Comment 17 samm 2018-10-31 14:06:02 UTC
One update - after disabling NCQ on ada0 i do not see any problems with it, but ada2 still failing. I am disabling NCQ on both for now.
Comment 18 samm 2018-11-05 20:23:20 UTC
One more update - after disabling NCQ on both affected drives things are going well - i do not see any errors anymore. So from my POV - it is a buggy drive firmware.
Comment 19 sec 2019-02-06 12:36:20 UTC
Also having the same problem, before 11.2, my ZFS mirror was working fine. After upgrade, those CAM errors started to show up.
I replaced PSU, replaced one of the drives, replaced cables - still the same. Checked smart for drives, did shoty/long tests - drives are fine.
Even did memtest :)

My observations:
- when HDD's connected directly into motherboard - there are Timeout errors
- when HDD's connected to pci-e sata controller - there are unrecoverable CRC errors

I tried to disable NCQ and cache - nothing helps.
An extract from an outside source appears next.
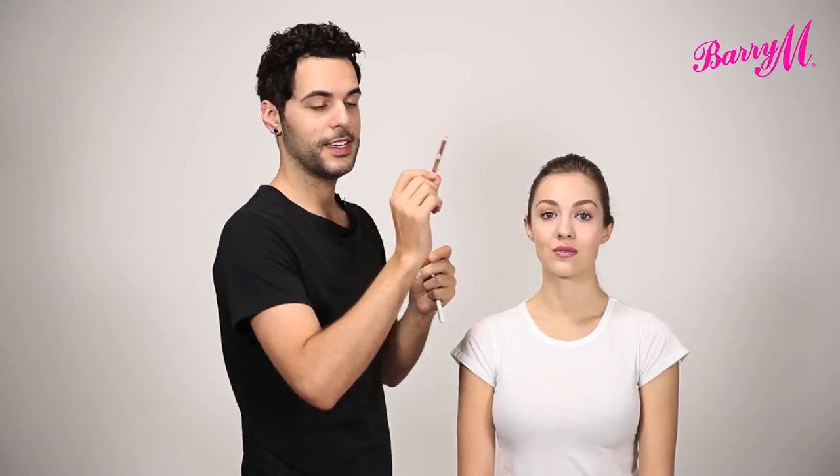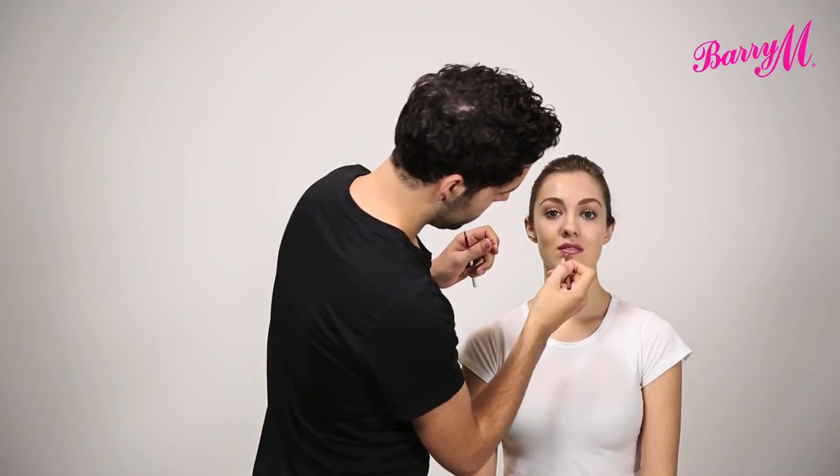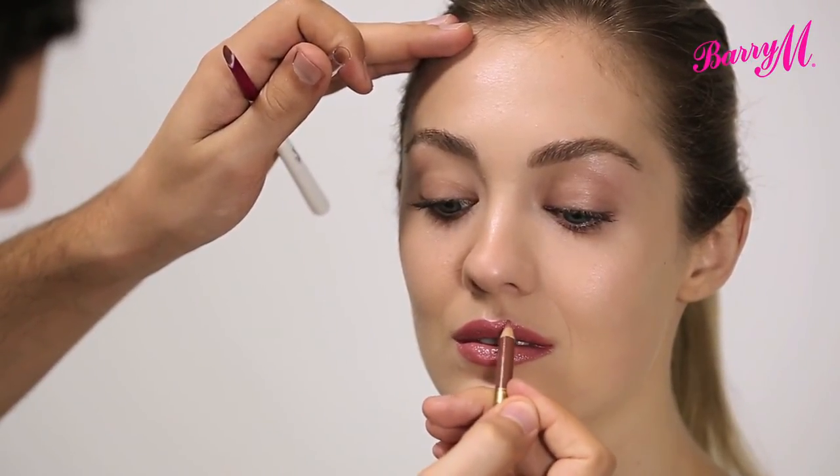If you want a lip liner to match that, you can use lip liner number five. I actually use this colour with a lot of nude lipsticks. And that's the Satin Super Slick Lip Paint.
Strange thing is, when mirror is broken (there's only one drive connected) - everything is fine. It's only when 2 drives are connected into same mirror, those start to show up.

My drives are WD Gold 1TB:
1. WDC WD1005FBYZ-01YCBB2 RR07
2. WDC WD1005FBYZ-01YCBB1 RR04

Before I had two RR07 working fine, after upgrade, errors shows up, so I RMA one of them and got RR04 - which didn't fix the error. Also the problem only shows up only on one of the drives in mirror.
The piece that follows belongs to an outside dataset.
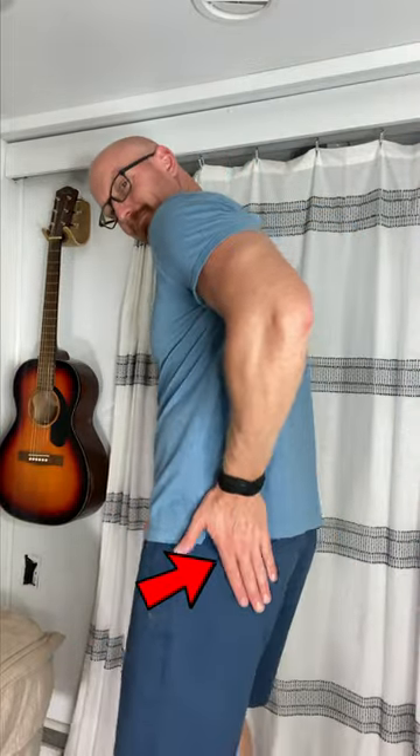Are you looking for an easy way to stretch your piriformis muscle that takes little to no effort? Try foam rolling it.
Right now I'm the process of migrating data to 11.1 zfs pool, then I will downgrade my server back to releng/11.1 and check if pool is working fine.

I also have two SAMSUNG HD642JJ 1AA01113 connected into other mirror - no issues with those.
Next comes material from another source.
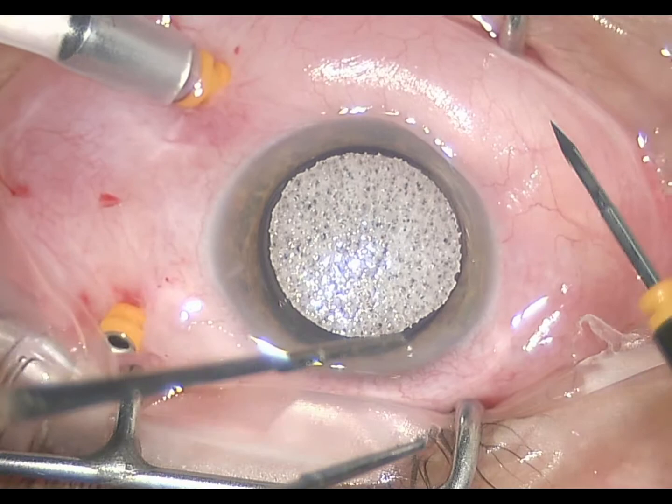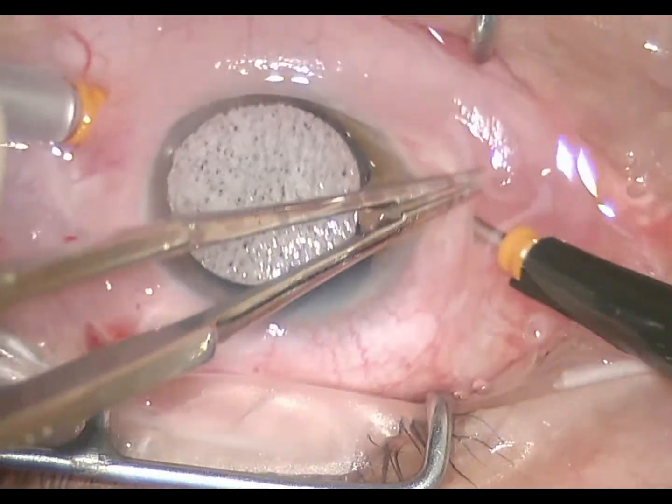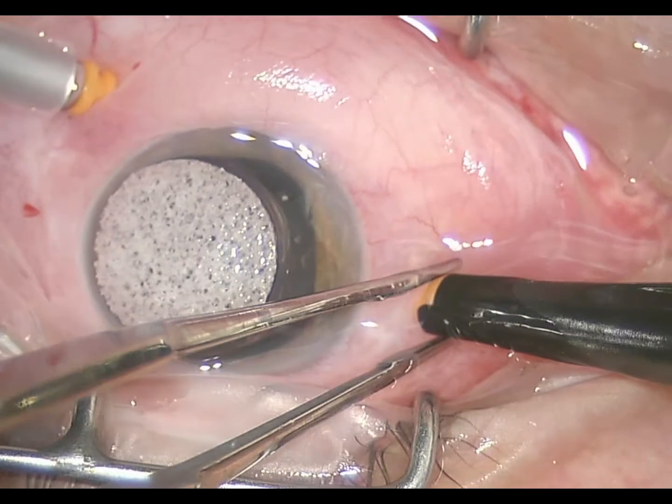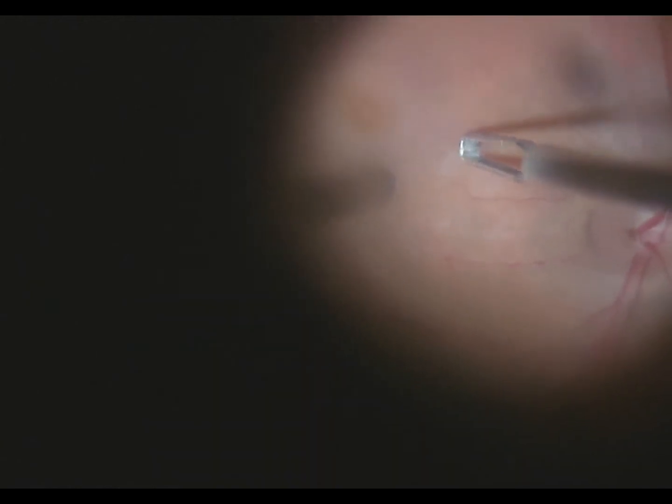This patient had a previous vitrectomy for a macular hole, but the macular hole did not close. So this surgery will show a limited vitrectomy. Here you see the peripheral vitreous being trimmed, and then the following step is the internal limiting membrane peel.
Tried to swap cables, ports, etc - problem is following those drives, together.

Hope for some solution to this one, becuase it will block any upgrade to 12 :)
Comment 20 sec 2019-02-07 07:36:36 UTC
(In reply to sec from comment #19)
Ok, so I tried to downgrade pool to 11.1 - didn't helped.
Then I also started to get those errors with only one drive connected (which was fine before).
Also tried to boot on 12.0R, same issue.

Weird thing is, that sometimes drives are OK, they resilver without any problems, then after some read/write, timeout starts to show up:

In the end I tried something I think I've tried before. I've added those to /boot/loader.conf and power cycle:
vfs.zfs.cache_flush_disable=1
kern.cam.ada.write_cache=0

And started to stress test - no errors.
Then I commented out the "write_cache" - no errors.
Commented out "cache_flush" - errors back again (I think I've tried that one already, and got errors, but this time looks fine, fingers crossed).

So right know I'm running with cache_flush disabled - hope this will get rid of those errors until some proper fix is done.

Errors I was getting was something like that:
(ada2:ahcich2:0:0:0): WRITE_FPDMA_QUEUED. ACB: 61 00 b0 00 20 40 4c 00 00 01 00 00
(ada2:ahcich2:0:0:0): CAM status: ATA Status Error
(ada2:ahcich2:0:0:0): ATA status: 41 (DRDY ERR), error: 10 (IDNF )
(ada2:ahcich2:0:0:0): RES: 41 10 b0 00 20 00 4c 00 00 00 00
(ada2:ahcich2:0:0:0): Retrying command

There were also READ and FLUSHCACHE48 errors - this depends on the load I was generating on the pool.

If needed I can provide more debug output.